CHÂTEAU REYNON by Denis Dubourdieu
« Un vigneron est un créateur de beauté »
La propriété fut créée au XVème siècle par Jean de La Roque, sous le nom de Château de Béguey.
Au cours du XVIIIème siècle le Château passe aux mains de la famille « Carle de Trajet ». Famille qui ne restera que peu de temps à la tête de cette propriété. La Révolution Française produisant ses effets la famille émigra et la propriété fut déclarée « bien national ». En effet suite au changement de régime et à la période de trouble que cela a causé, les biens de la noblesse et du clergé furent saisis puis vendus pour résoudre la crise financière générée par la Révolution.
La propriété fut donc vendue par l’Etat et rachetée par la famille Laspeyrère. Vers 1850 elle rasera l’ancienne demeure pour y édifier la bâtisse actuelle. Elle en profitera même pour changer le nom du vignoble de Château de Béguey en Château Peyrat
En 1958 elle fut rachetée par Jacques David (père de la femme de Denis Dubourdieu). La propriété était alors dans un très mauvais état autant au niveau des bâtiments que du vignoble.

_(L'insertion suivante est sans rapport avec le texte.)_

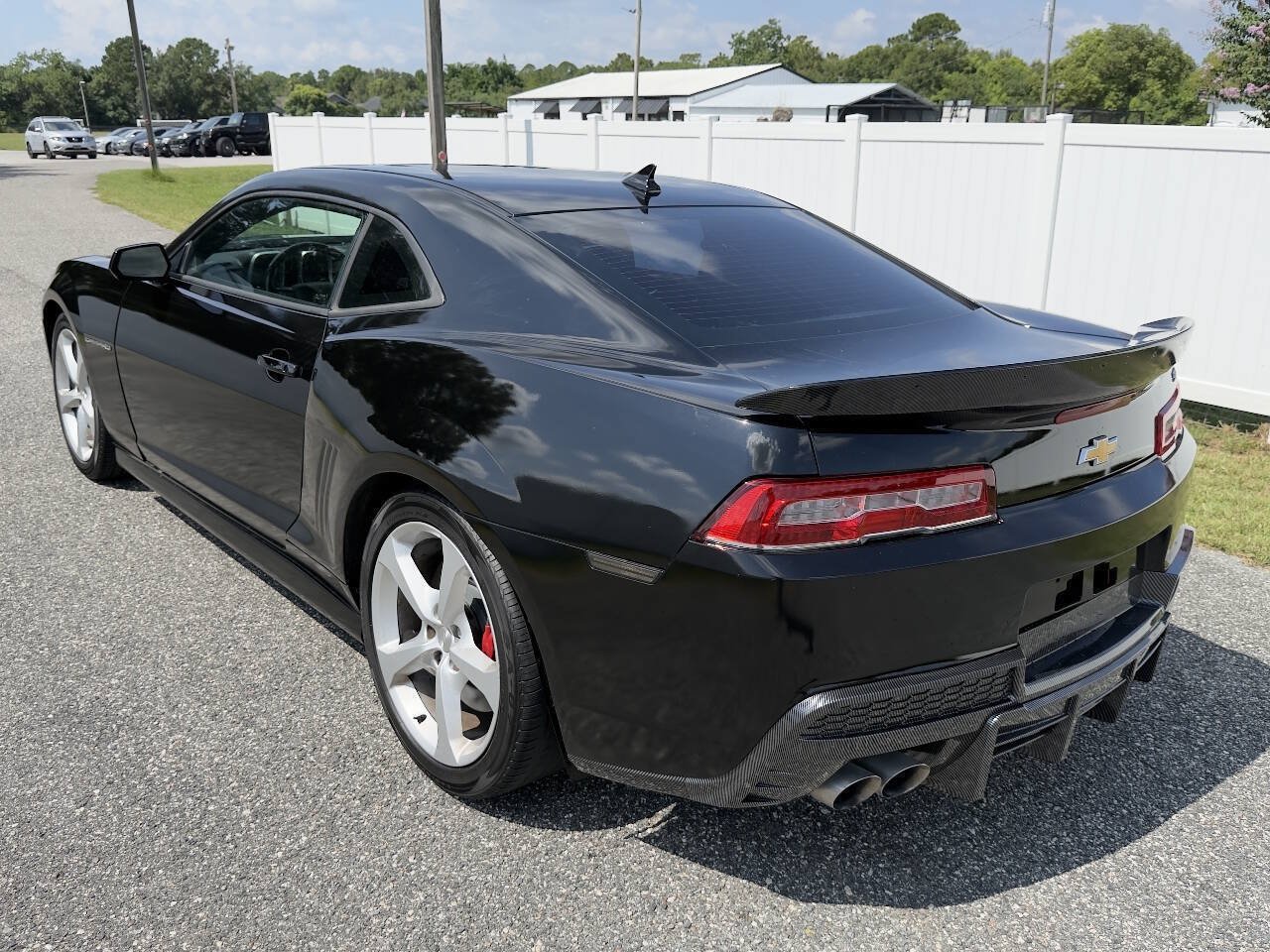Used 2015 Chevrolet Camaro SS RWD image 7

Denis Dubourdieu arriva à Château Reynon en 1976. Il entreprend la replantation de la vigne et la restauration de l’outil de production. Au final, en 37 ans de présence sur cette propriété il a replanté la quasi totalité du vignoble, constitué aujourd’hui d’un tiers de blanc et deux tiers de rouge
Comment êtes vous arrivés au monde du vin ?
C’est avant tout familial. Denis Dubourdieu est né au Château de Doisy-Daëne (2nd Grand Cru Classé de Sauternes) en 1949. Il est issu d’une famille de vignerons présents dans la région des Graves / Barsac depuis le 18ème siècle.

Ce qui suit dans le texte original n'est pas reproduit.